**WORK REQUIRED**
Among the records below, find the line with "A pair of cultured" and the line with "9610 Dewitt Drive, Unit". Set down both and every line between, exactly and with no pictures, but nothing else.

**INFORMATION GIVEN**
---+---

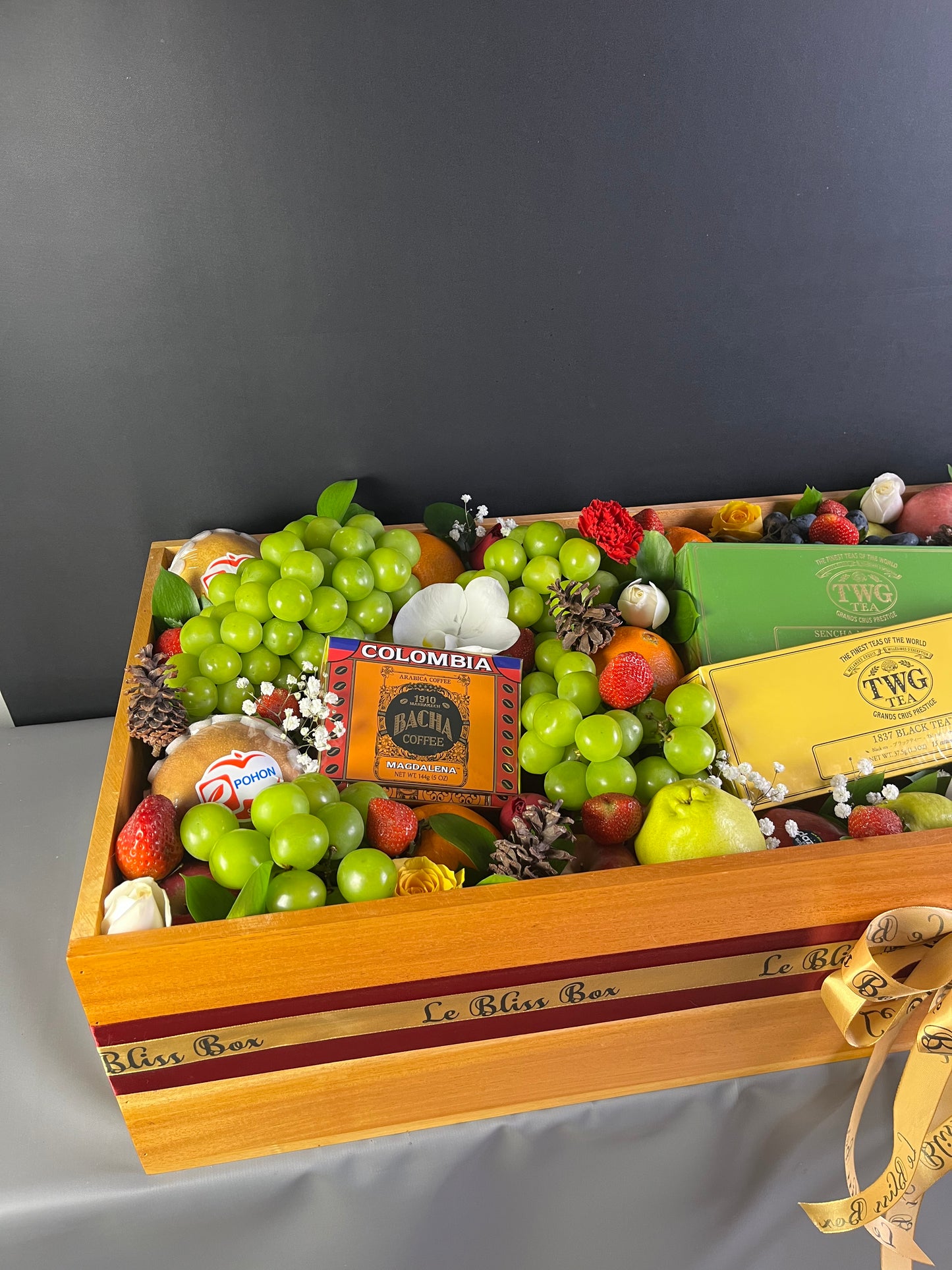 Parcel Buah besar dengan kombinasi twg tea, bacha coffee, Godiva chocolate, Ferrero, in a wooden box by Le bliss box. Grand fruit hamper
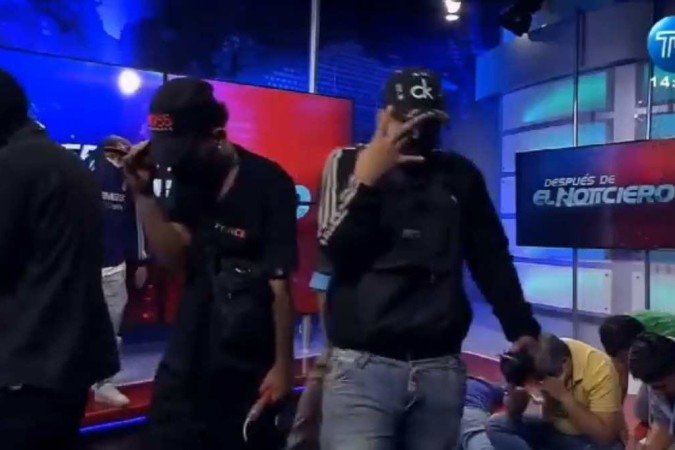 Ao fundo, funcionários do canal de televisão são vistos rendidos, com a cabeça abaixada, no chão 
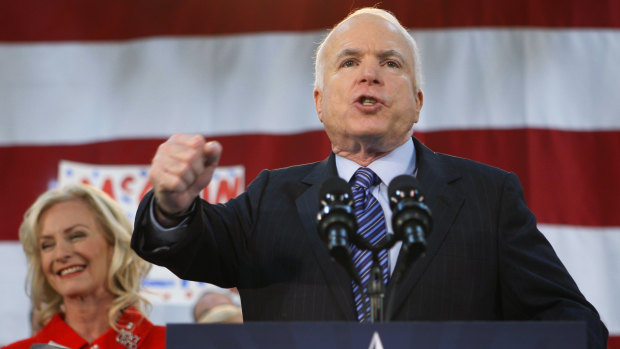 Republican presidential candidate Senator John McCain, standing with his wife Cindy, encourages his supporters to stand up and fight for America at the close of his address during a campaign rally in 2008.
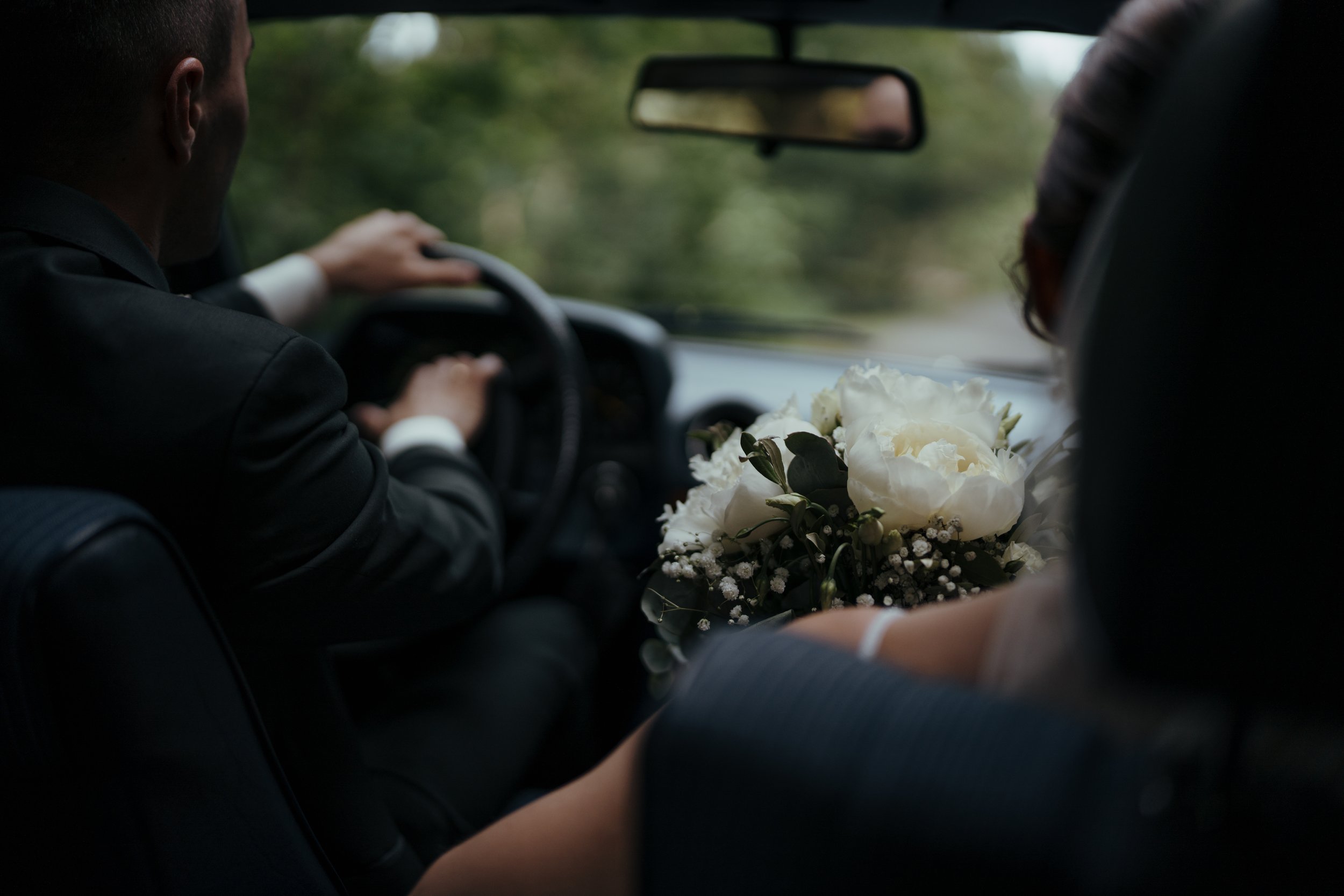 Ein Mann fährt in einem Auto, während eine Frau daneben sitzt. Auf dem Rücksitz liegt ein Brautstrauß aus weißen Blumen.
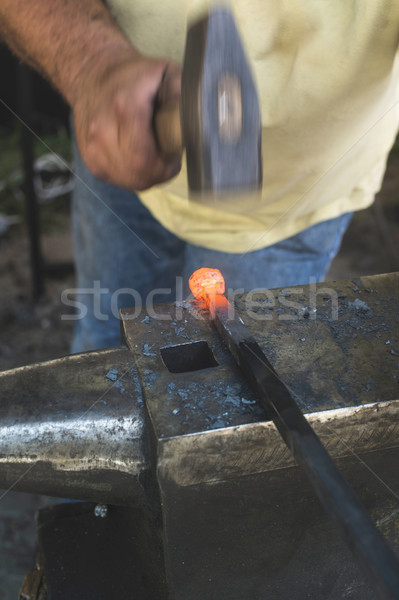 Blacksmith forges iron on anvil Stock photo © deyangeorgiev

---+---

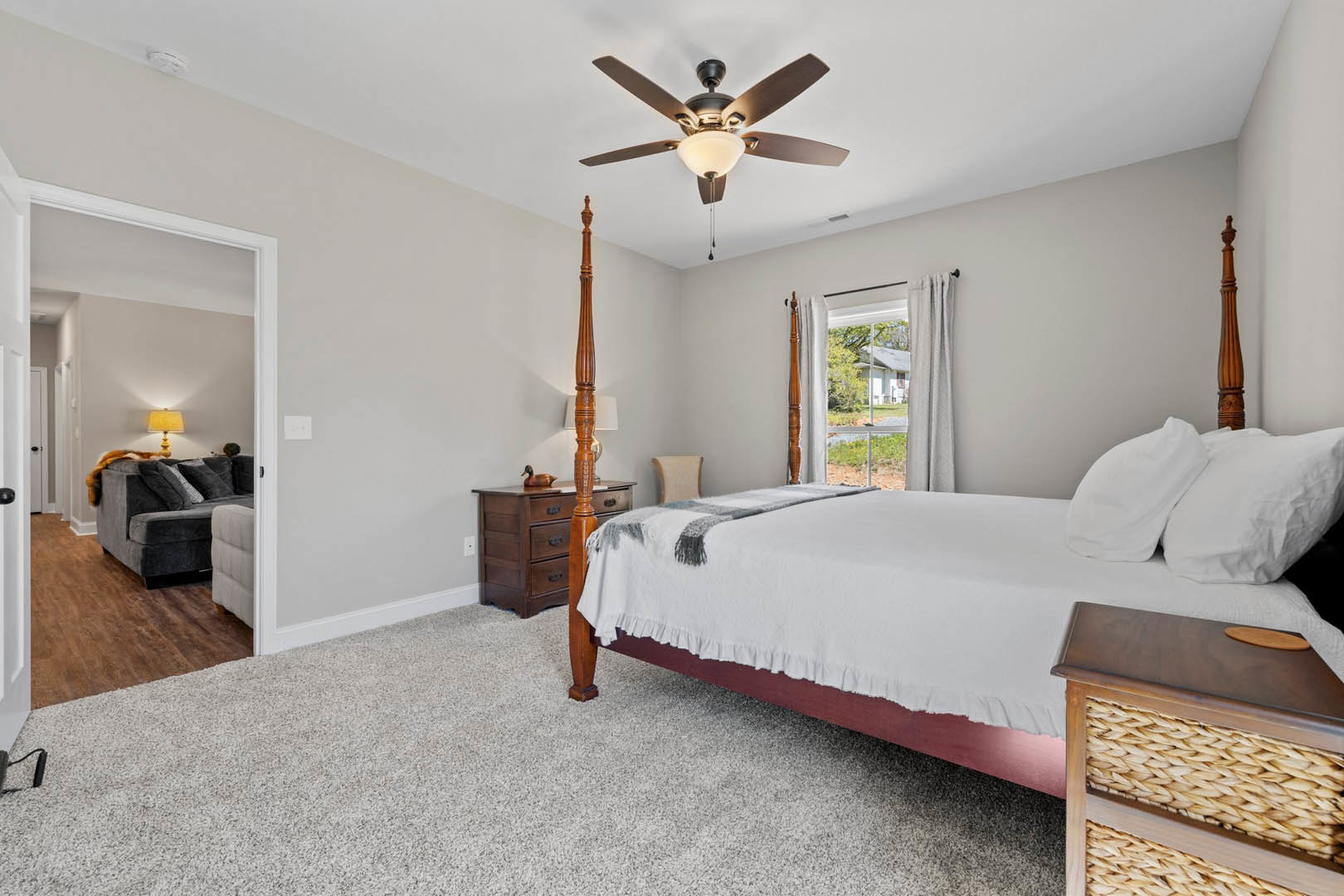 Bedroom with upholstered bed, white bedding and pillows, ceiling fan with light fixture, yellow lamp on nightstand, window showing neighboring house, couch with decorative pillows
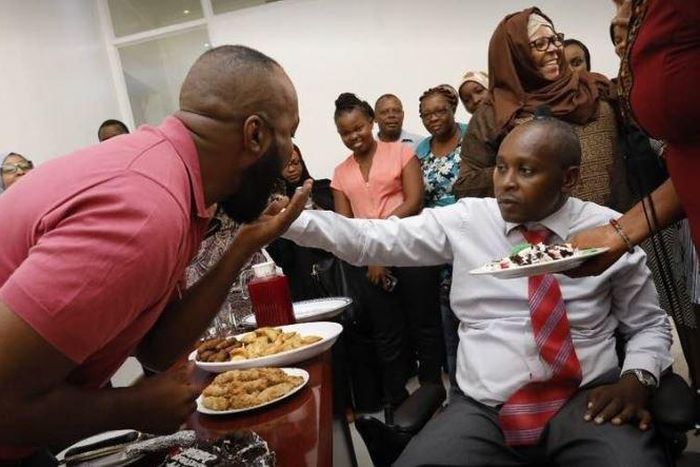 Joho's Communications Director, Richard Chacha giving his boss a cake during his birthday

---+---

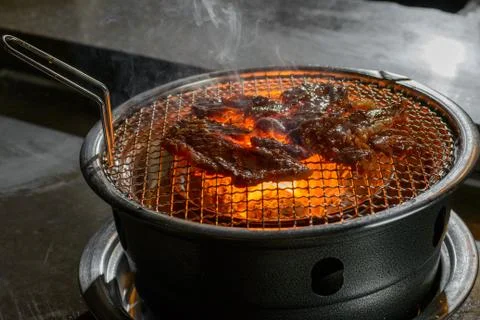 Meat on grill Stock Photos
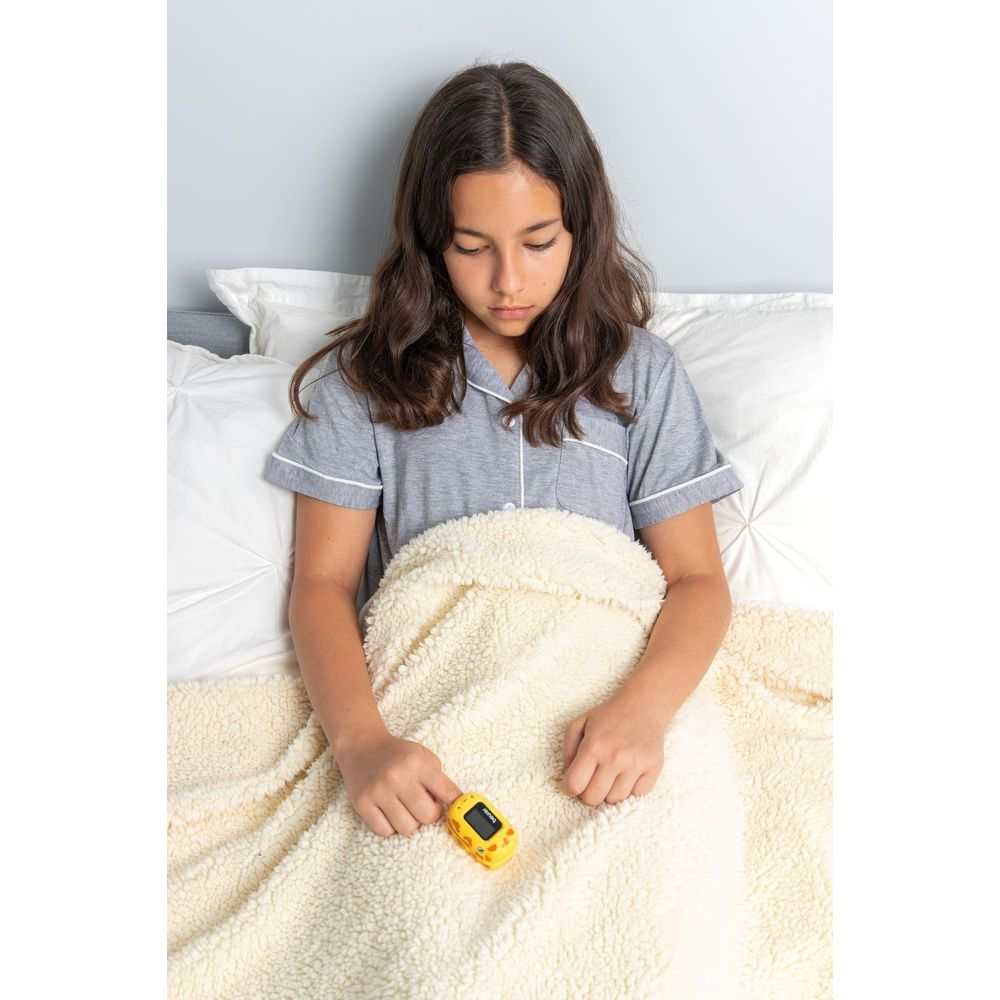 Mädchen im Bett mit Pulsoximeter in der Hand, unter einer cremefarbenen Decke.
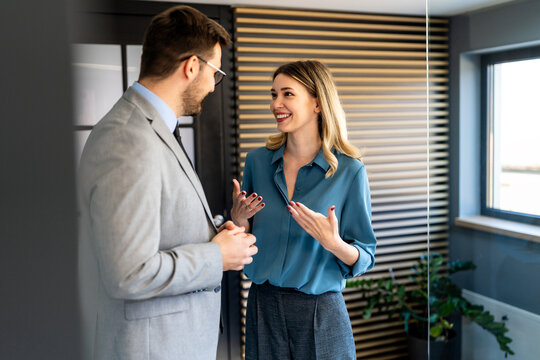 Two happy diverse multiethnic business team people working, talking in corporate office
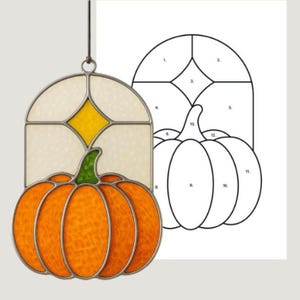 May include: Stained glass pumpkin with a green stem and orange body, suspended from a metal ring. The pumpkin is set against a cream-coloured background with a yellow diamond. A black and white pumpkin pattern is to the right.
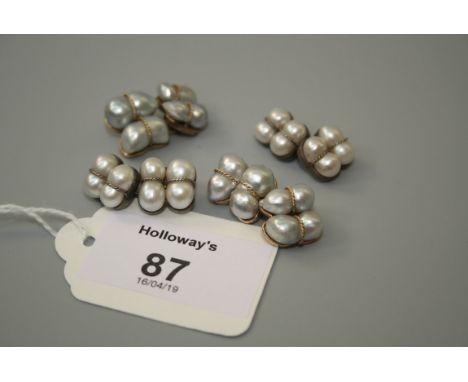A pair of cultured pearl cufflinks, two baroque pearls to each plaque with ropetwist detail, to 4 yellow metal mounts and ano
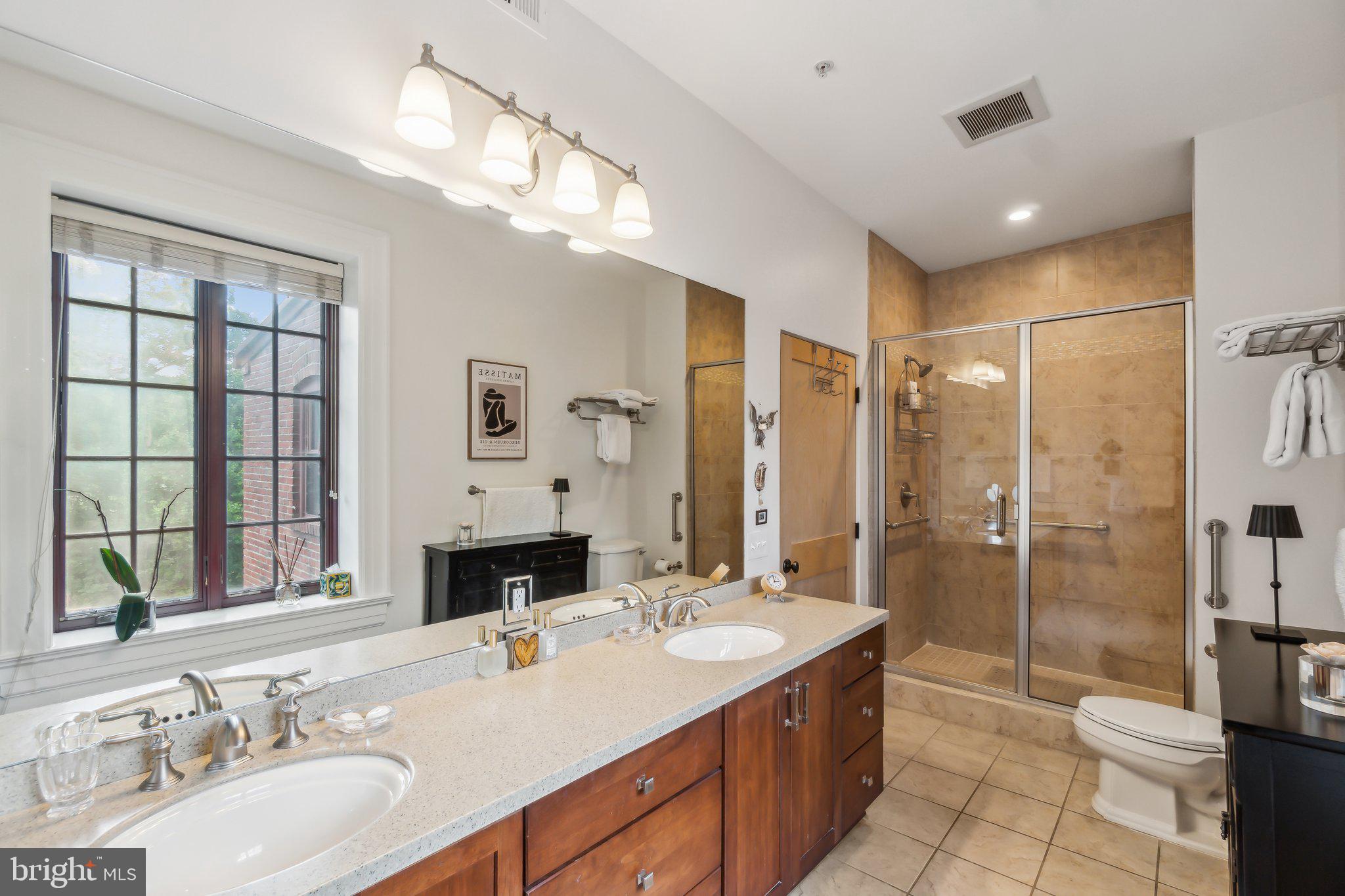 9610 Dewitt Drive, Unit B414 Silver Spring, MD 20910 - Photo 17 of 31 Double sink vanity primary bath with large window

---+---

**THE ANSWER**
A pair of cultured pearl cufflinks, two baroque pearls to each plaque with ropetwist detail, to 4 yellow metal mounts and ano
 9610 Dewitt Drive, Unit B414 Silver Spring, MD 20910 - Photo 17 of 31 Double sink vanity primary bath with large window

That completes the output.